## Exercise
Output the entries in full and verbatim, pictures omitted.

----- Source material -----

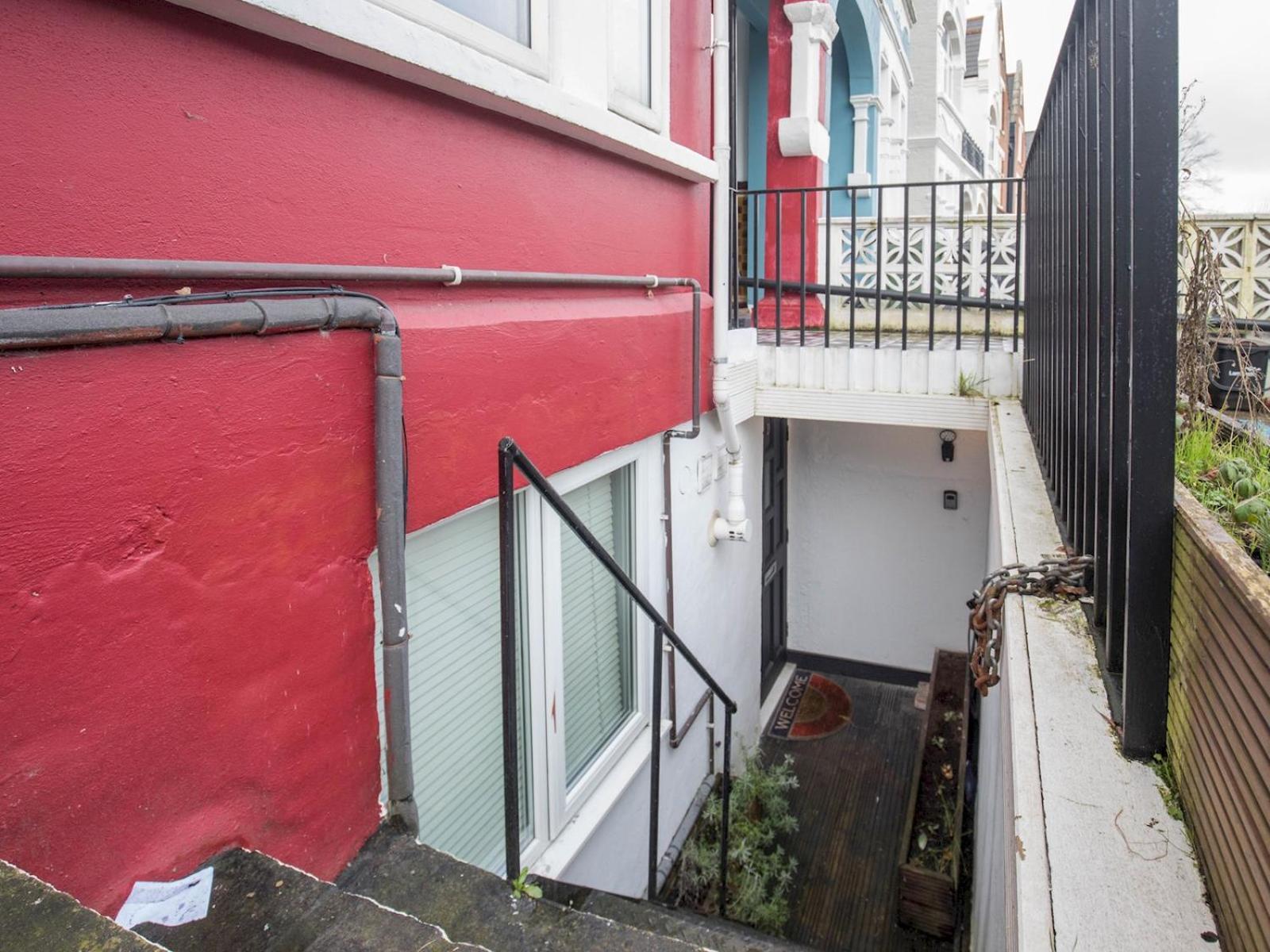 Apartment Pass The Keys Stylish Flat - 20 Mins From *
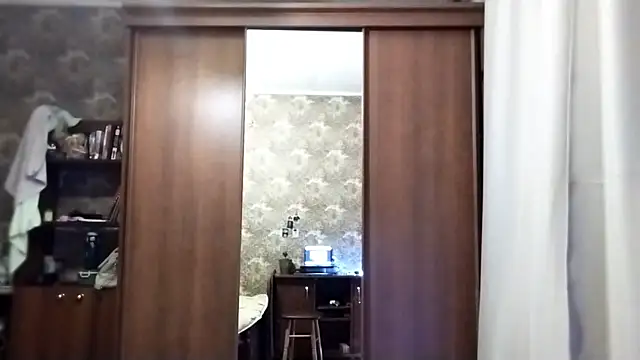 ArianeRandy online show from December 14, 9:04 am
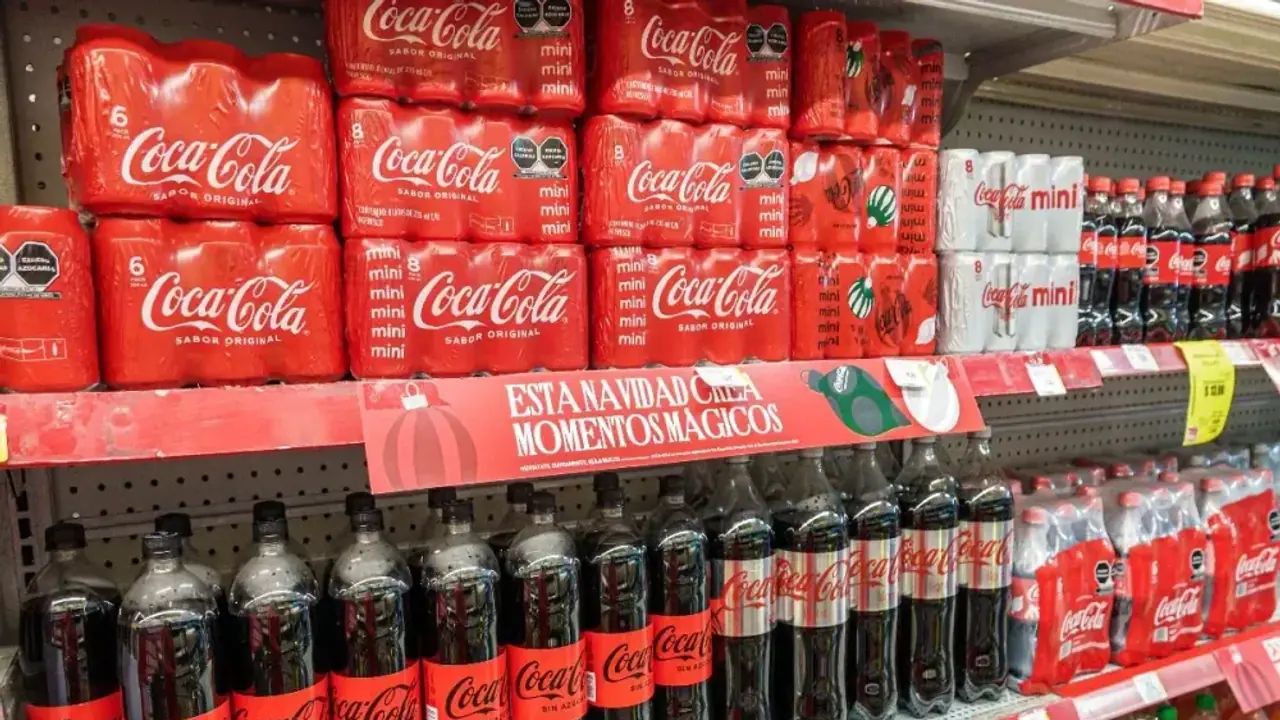 https://stocktwits.com/news-articles/markets/equity/morgan-stanley-names-coca-cola-its-top-beverages-pick-sees-growth-surpassing-peers-retail-not-convinced/chlEdpGRbUH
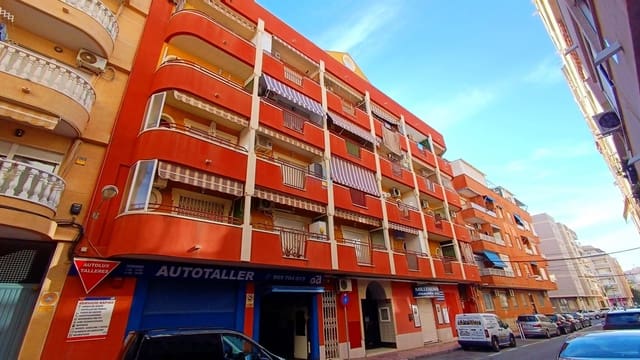 1 sovrum Lägenhet till salu i Torrevieja - 118 000 € (Ref: 9557335)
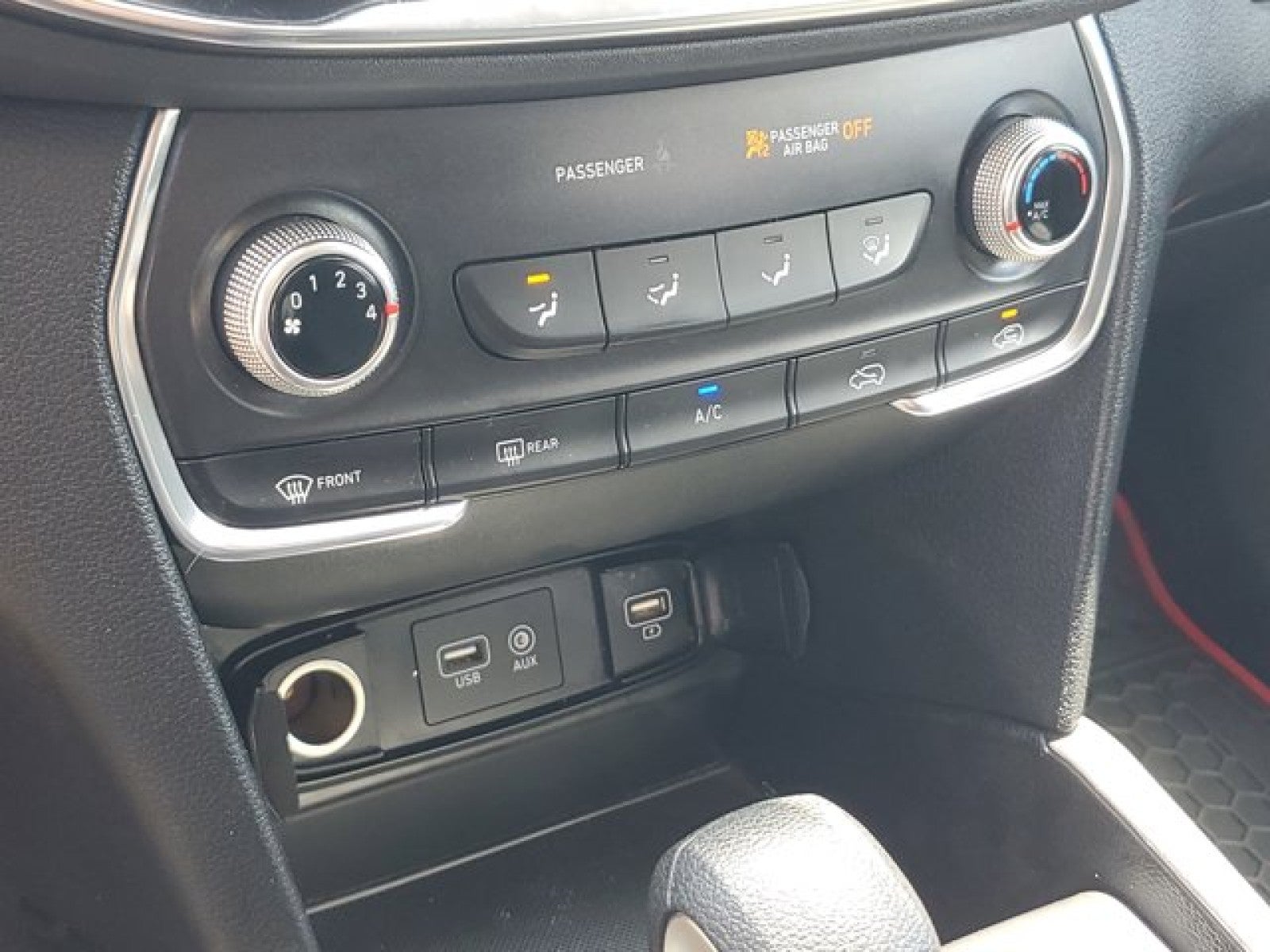 2019 Hyundai SANTA FE SE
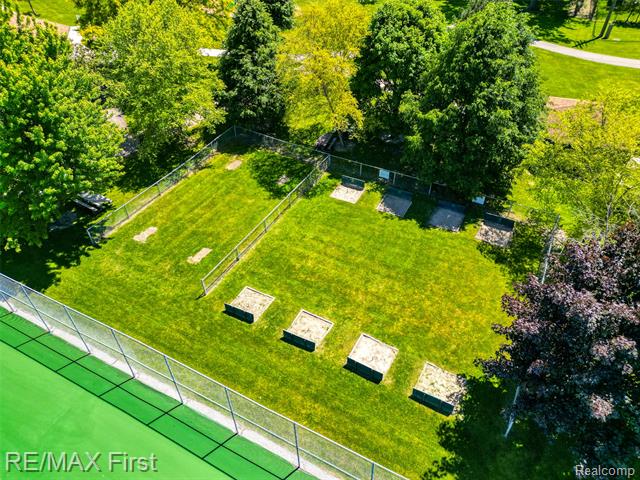 Builiding view eight for 24815 Beck, Eastpointe, MI. 48021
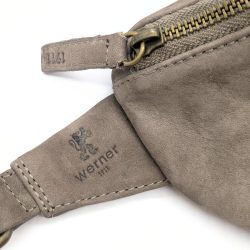 Werner 1911 Hip Bag Kronborg in taupe mit Branding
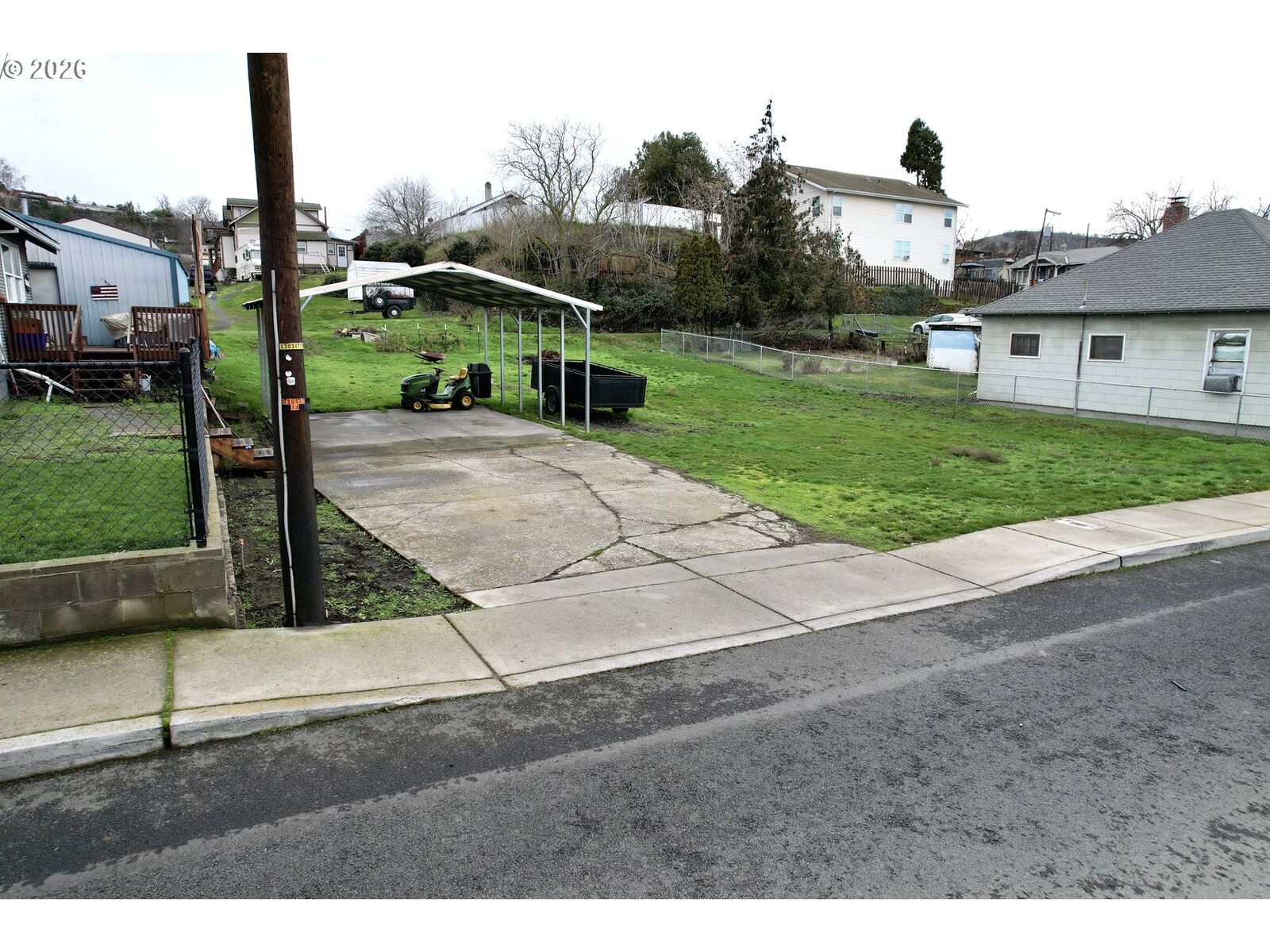 Property Photo:  1514 E 10th St  OR 97058 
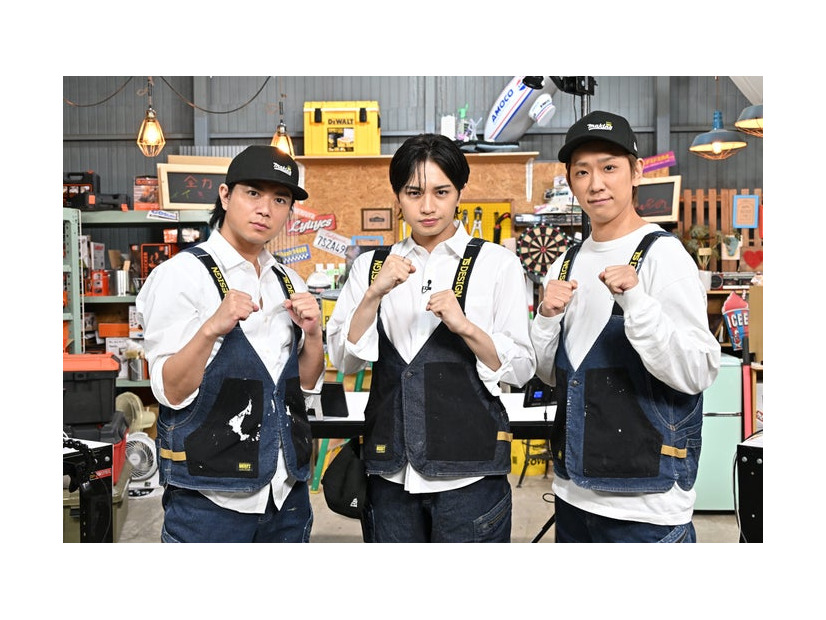 加藤シゲアキ、中島健人、小山慶一郎（C）TBS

-----

## Task response
 Apartment Pass The Keys Stylish Flat - 20 Mins From *
 ArianeRandy online show from December 14, 9:04 am
 https://stocktwits.com/news-articles/markets/equity/morgan-stanley-names-coca-cola-its-top-beverages-pick-sees-growth-surpassing-peers-retail-not-convinced/chlEdpGRbUH
 1 sovrum Lägenhet till salu i Torrevieja - 118 000 € (Ref: 9557335)
 2019 Hyundai SANTA FE SE
 Builiding view eight for 24815 Beck, Eastpointe, MI. 48021
 Werner 1911 Hip Bag Kronborg in taupe mit Branding
 Property Photo:  1514 E 10th St  OR 97058 
 加藤シゲアキ、中島健人、小山慶一郎（C）TBS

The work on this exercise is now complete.